Print, exactly and with no pictures, the line containing "Bezplatná skupinová výučba" and each line after it to the end of the entries below.

-*-*-

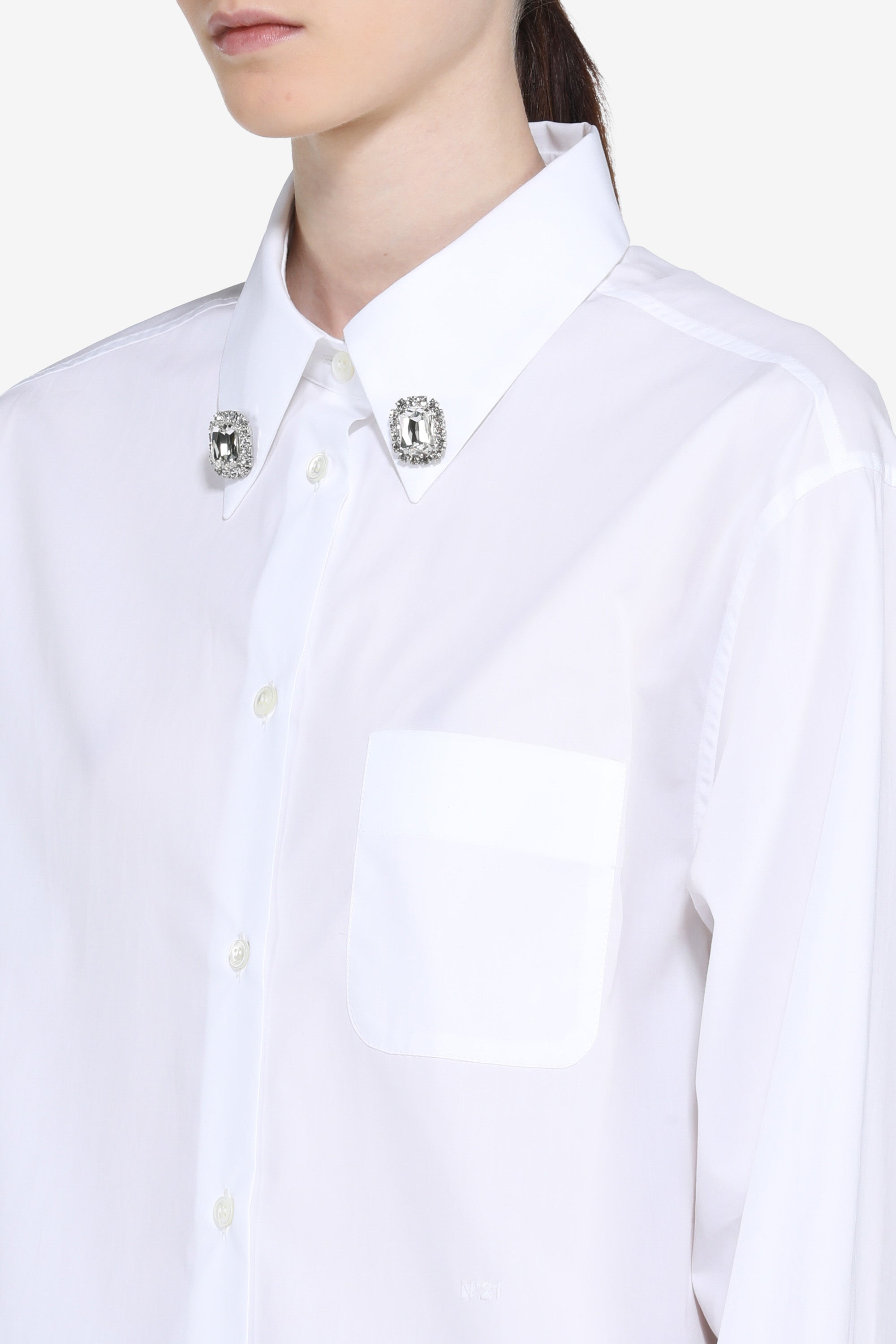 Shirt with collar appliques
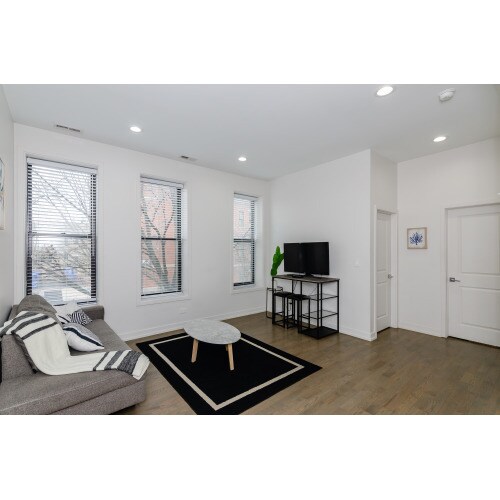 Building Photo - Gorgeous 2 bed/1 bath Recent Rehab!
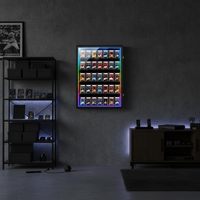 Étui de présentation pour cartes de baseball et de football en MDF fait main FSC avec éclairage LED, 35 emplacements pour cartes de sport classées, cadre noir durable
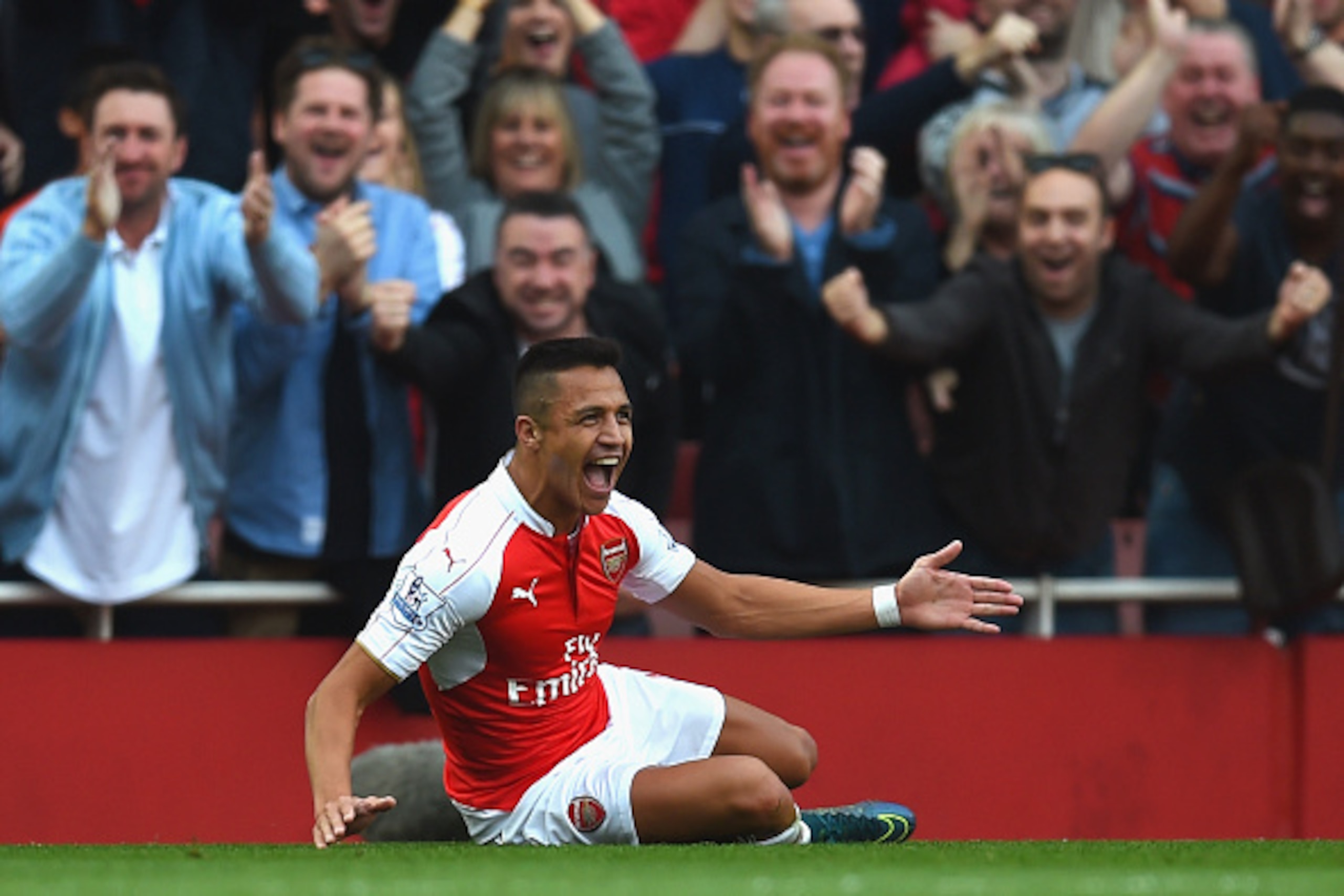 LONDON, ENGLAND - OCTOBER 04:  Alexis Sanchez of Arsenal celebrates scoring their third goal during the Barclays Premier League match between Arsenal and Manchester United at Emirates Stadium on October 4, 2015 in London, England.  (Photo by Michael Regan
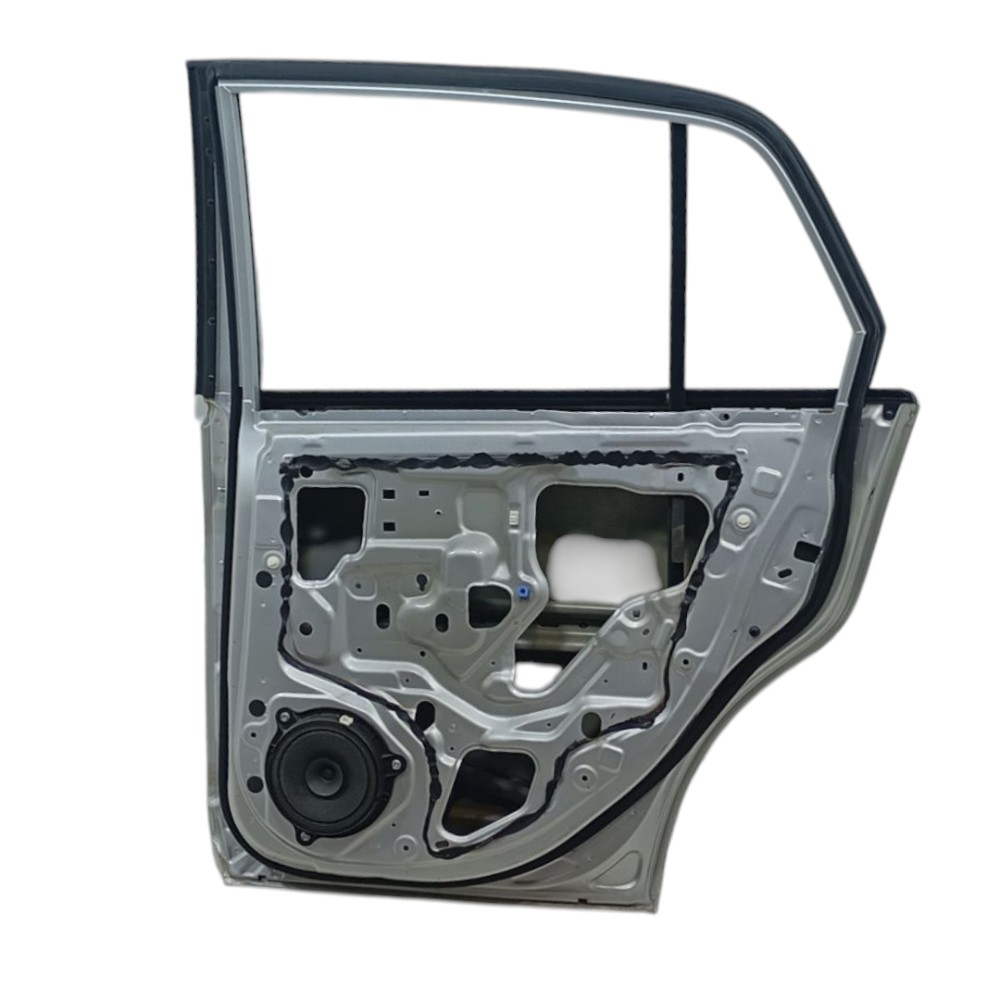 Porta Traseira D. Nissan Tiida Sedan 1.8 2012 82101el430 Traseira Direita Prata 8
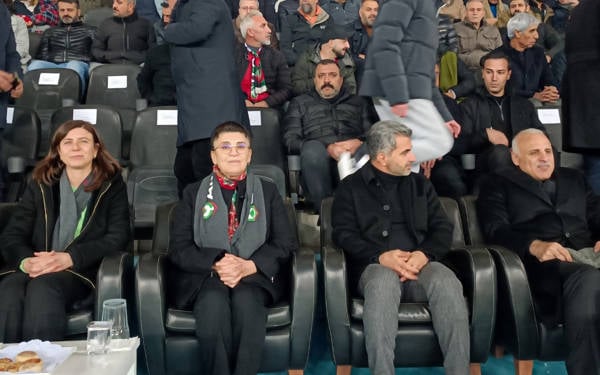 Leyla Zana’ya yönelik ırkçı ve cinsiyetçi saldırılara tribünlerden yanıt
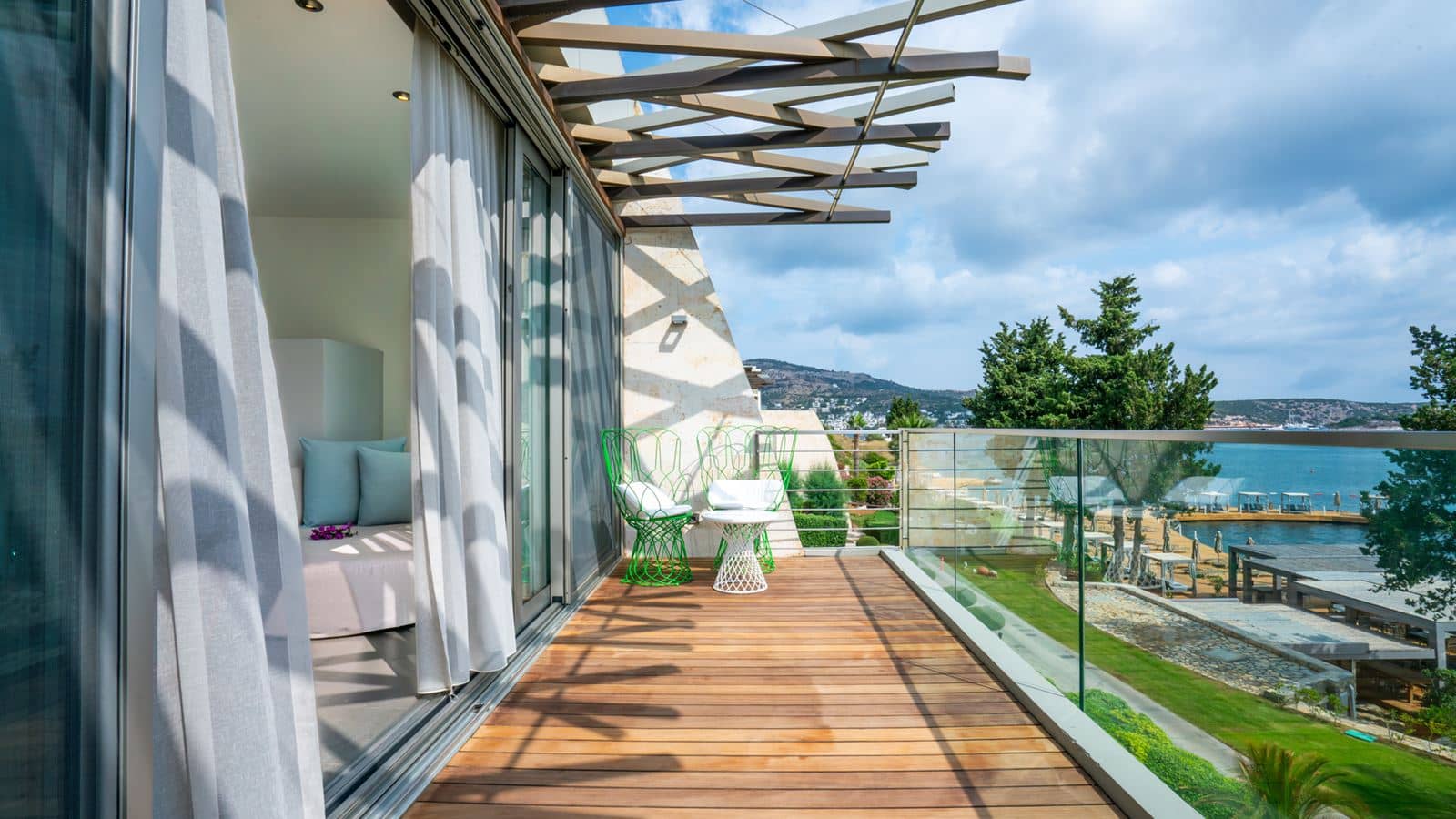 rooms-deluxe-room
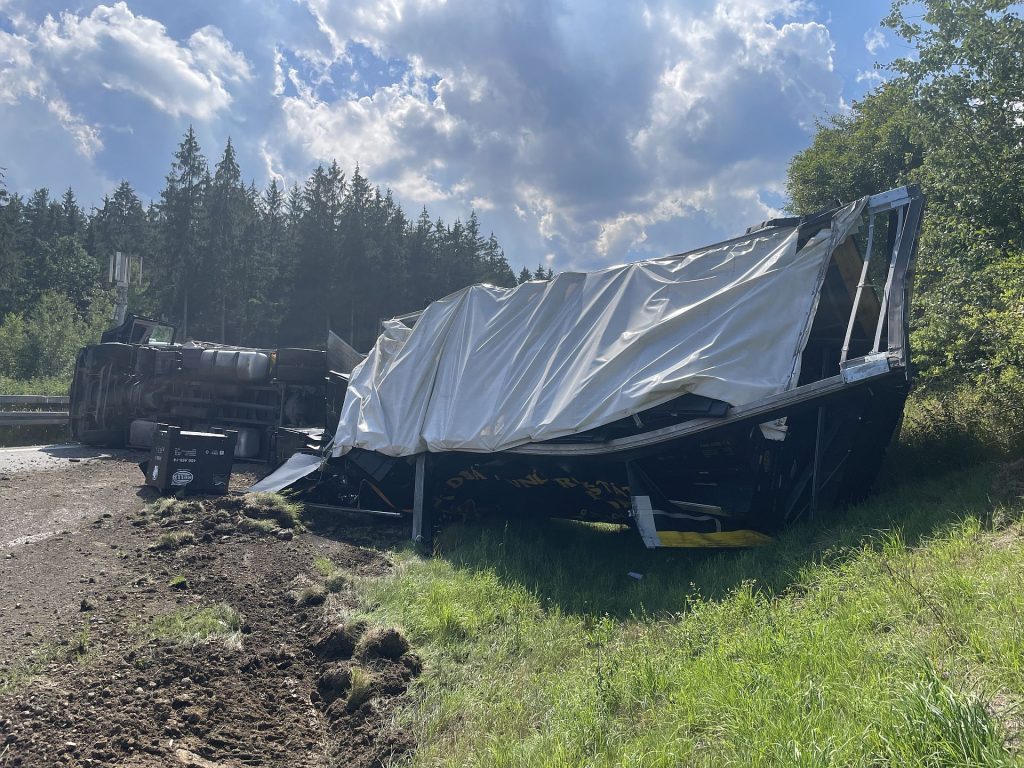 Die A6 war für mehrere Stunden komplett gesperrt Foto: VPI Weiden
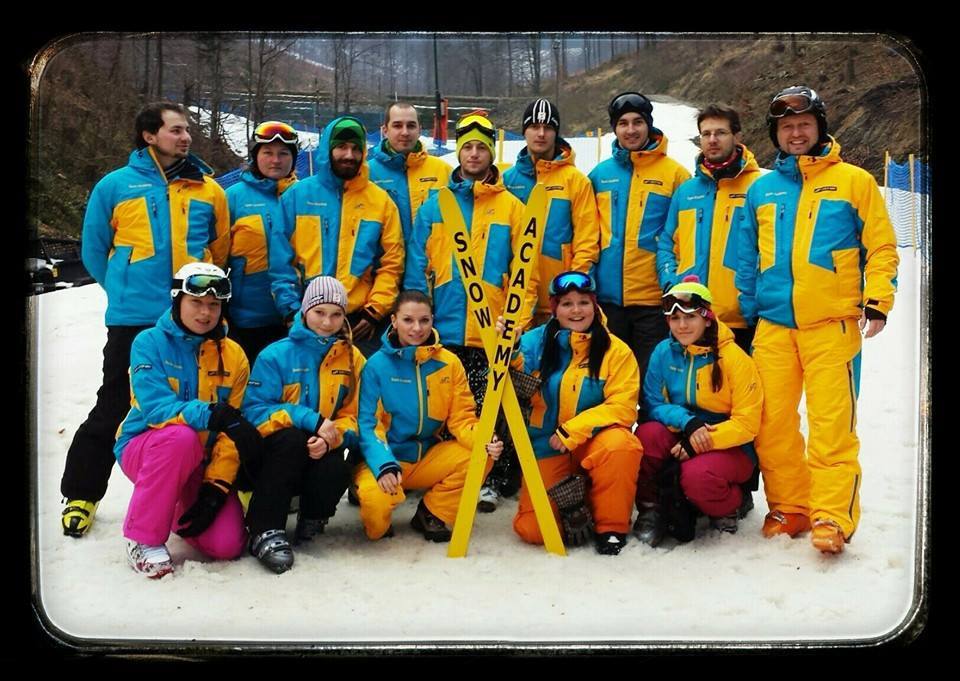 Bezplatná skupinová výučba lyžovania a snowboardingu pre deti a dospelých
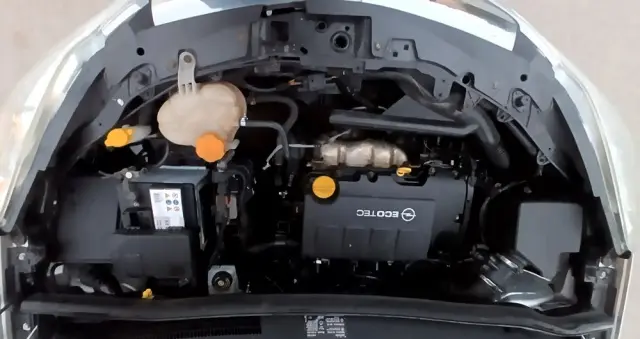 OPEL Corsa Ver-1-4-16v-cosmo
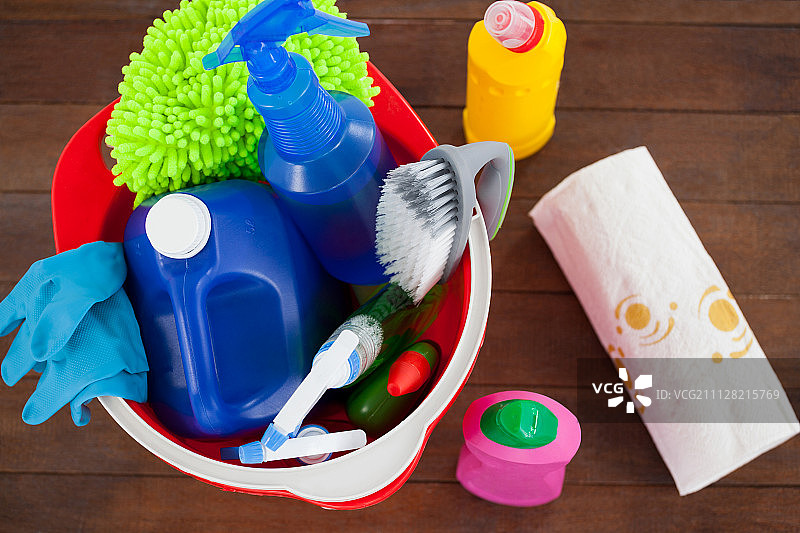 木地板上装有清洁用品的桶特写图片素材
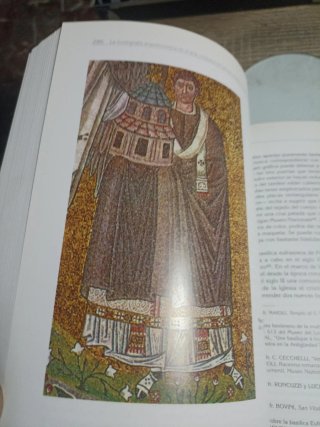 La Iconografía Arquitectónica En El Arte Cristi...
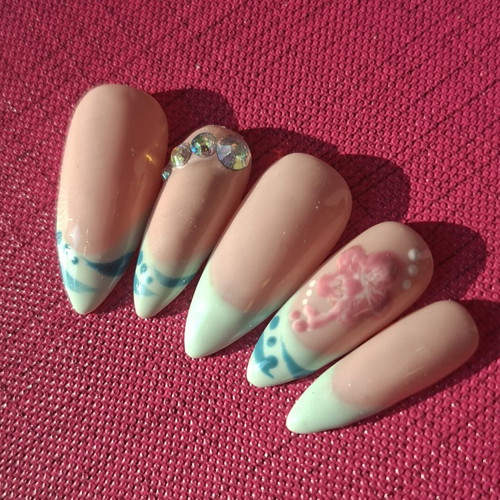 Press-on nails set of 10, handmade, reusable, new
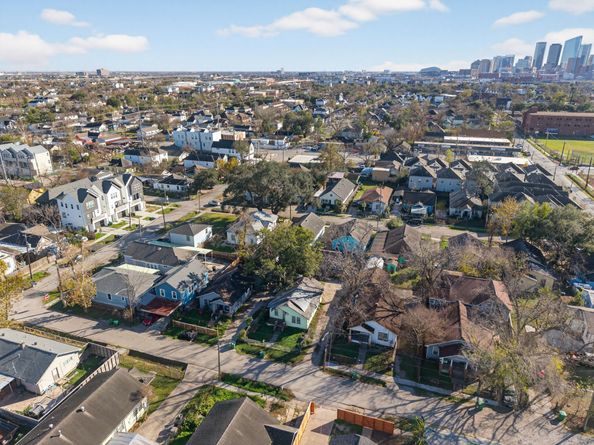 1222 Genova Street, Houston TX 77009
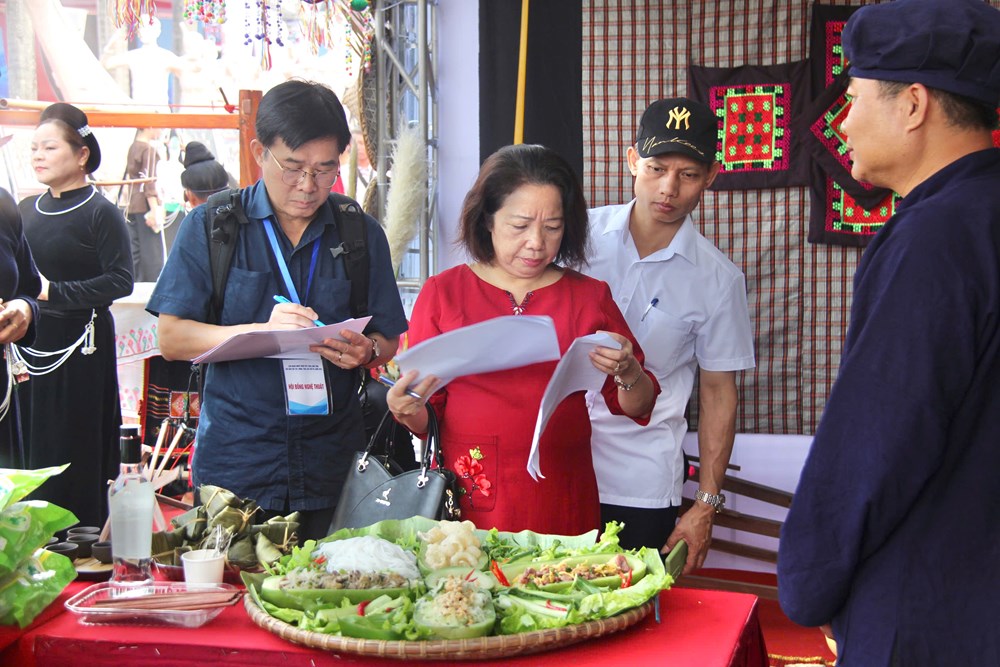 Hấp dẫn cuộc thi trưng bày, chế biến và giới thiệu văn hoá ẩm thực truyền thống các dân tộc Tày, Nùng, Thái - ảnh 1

-*-*-

» Response to this exercise:
 Bezplatná skupinová výučba lyžovania a snowboardingu pre deti a dospelých
 OPEL Corsa Ver-1-4-16v-cosmo
 木地板上装有清洁用品的桶特写图片素材
 La Iconografía Arquitectónica En El Arte Cristi...
 Press-on nails set of 10, handmade, reusable, new
 1222 Genova Street, Houston TX 77009
 Hấp dẫn cuộc thi trưng bày, chế biến và giới thiệu văn hoá ẩm thực truyền thống các dân tộc Tày, Nùng, Thái - ảnh 1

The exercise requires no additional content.